Valuation
Van depreciation: the best and worst time to sell by make and mileage
24 March 2026 · Will Fletcher
Depreciation is not a steady slide. It has cliffs, points where value drops sharply, and plateaus where a van holds its price for years. Knowing where your van sits on that curve is one of the most useful things you can know before deciding whether to sell now or wait.
The three phases of a van’s value
Phase 1: New to three years. The steepest drop happens here. A new van loses 20–35% of its list price in the first year, and another 10–15% per year after that. Vans coming off contract hire at 3 years/60,000 miles flood the nearly-new market and suppress prices further.
If you bought new and you’re in this phase, you’re on the wrong side of the depreciation curve. Holding another 12–24 months rarely recovers much ground.
Phase 2: Three to eight years. The plateau. Vans in this range, roughly 60,000 to 130,000 miles for a well-maintained example, hold value reasonably well because they’re still in their working lives and fully usable without major investment. This is the sweet spot for selling if you want trade or private value.
Phase 3: Eight years plus / 130,000+ miles. The second cliff. As vans approach the end of their primary working life, retail buyers become cautious, too old for fleet replacement cycles, too high-mileage for a sole trader who needs reliability. The market shifts from “used” to “salvage” for many makes.
How mileage overlays with age
A 2018 van with 180,000 miles has crossed into salvage territory for most buyers, regardless of service history. A 2018 van with 60,000 miles is still firmly in the used market.
The mileage thresholds vary by make:
- Ford Transit / Transit Custom: the market starts to thin noticeably above 150,000 miles. The 2.0 EcoBlue (2019+) has stronger high-mileage confidence than the older 2.2 TDCi. Above 200,000 miles it’s almost always salvage.

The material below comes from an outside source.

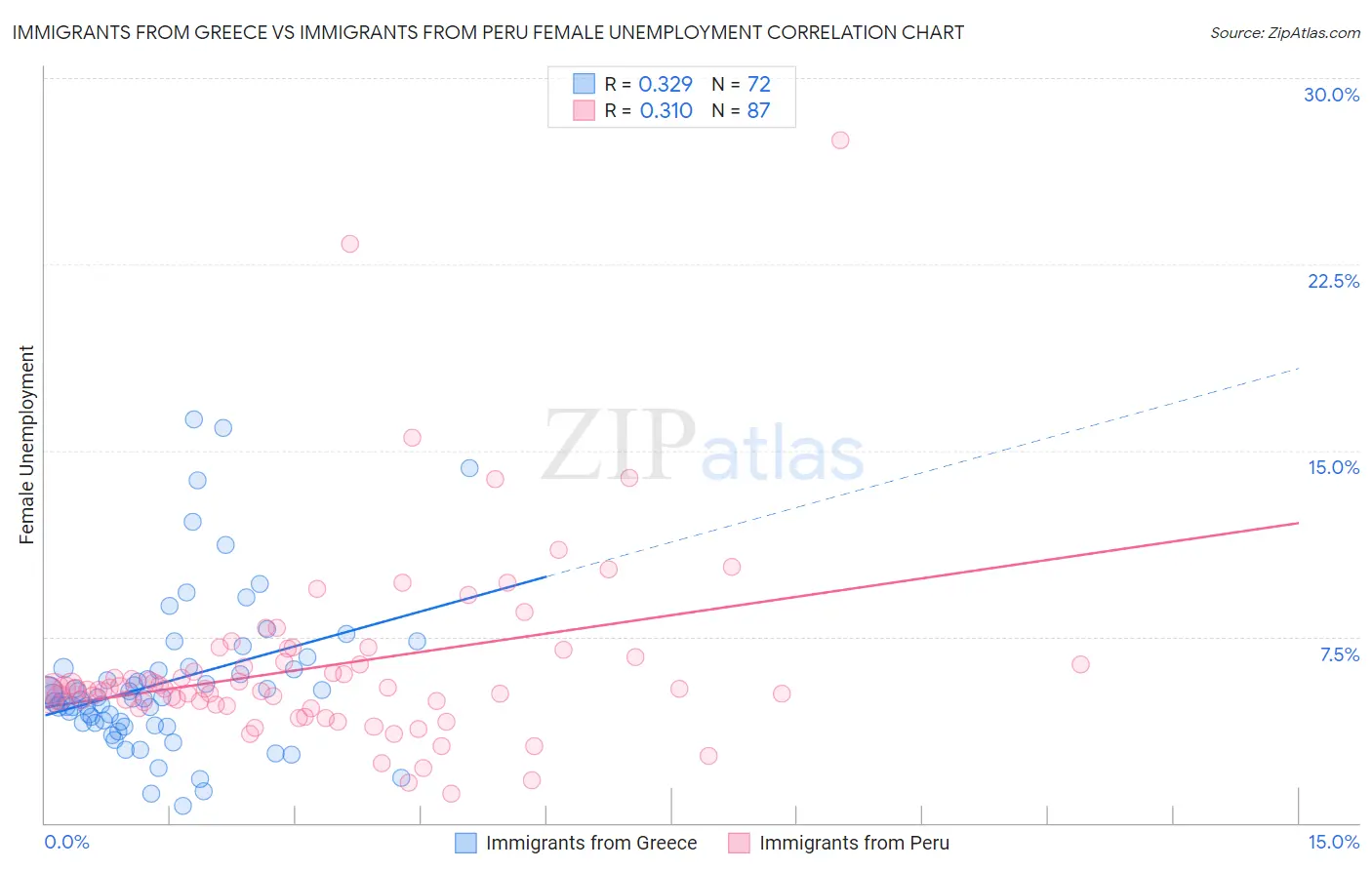 Immigrants from Greece vs Immigrants from Peru Female Unemployment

- Mercedes Sprinter: holds confidence longer. A well-maintained Sprinter with full Mercedes service history can attract used buyers at 200,000 miles. The OM651 engine is known to run to 300,000+ with proper maintenance.
- Volkswagen Transporter T5/T6: premium residuals throughout. T6s with full VW history above 150,000 miles still attract near-retail attention from camper converters and enthusiasts. The secondary market is unusually deep.
- Vauxhall Vivaro / Renault Trafic: these tend to hit the salvage cliff earlier, around 130,000–150,000 miles, partly due to the known 1.6 BiTurbo engine issues in the pre-2019 generation.
- Vauxhall Movano / Renault Master: similar pattern, but the large frame means parts demand is strong from the ambulance and welfare conversion market.
The MOT cliff
A van approaching an MOT failure is a specific depreciation trigger. If your van has a known MOT failure coming, worn brakes, cracked windscreen, advisory items from last year, the cost of getting it through test gets priced in by any trade buyer.
A Transit with £800 of MOT work needed doesn’t lose exactly £800 in offer price, it loses more, because the buyer also prices in the time and risk of managing the work.
Selling before that work is due (while the MOT is still valid) typically yields a better outcome than selling immediately after a failure.
The ULEZ-compliance cliff
Covered in more detail in our ULEZ guide, but briefly: any diesel van registered before September 2016 faces an increasing buyer discount in ULEZ and CAZ areas. This discount has grown significantly since London’s 2023 expansion and is likely to increase further as more cities implement zones.
If your van falls into this category, waiting to sell is working against you.
When you should act quickly
Three signals that now is better than later:
- Your van is between 7 and 9 years old, you’re approaching the second cliff. Every 12 months from here narrows the pool of used buyers.
- It’s pre-2016 diesel, ULEZ discount is growing, not shrinking.
- There’s a major service item due, cam belt, clutch, injectors. Buyers price these in at more than cost.
When waiting makes sense
One scenario where holding off can pay: if your van is between 3 and 5 years old and you’ve just had a large service spend (new clutch, timing belt, fresh MOT). That investment takes time to reflect in buyer confidence. Selling immediately after a £1,200 clutch replacement often doesn’t recover the spend, but 12 months later, a buyer sees a van with known-good drivetrain and recent documentation.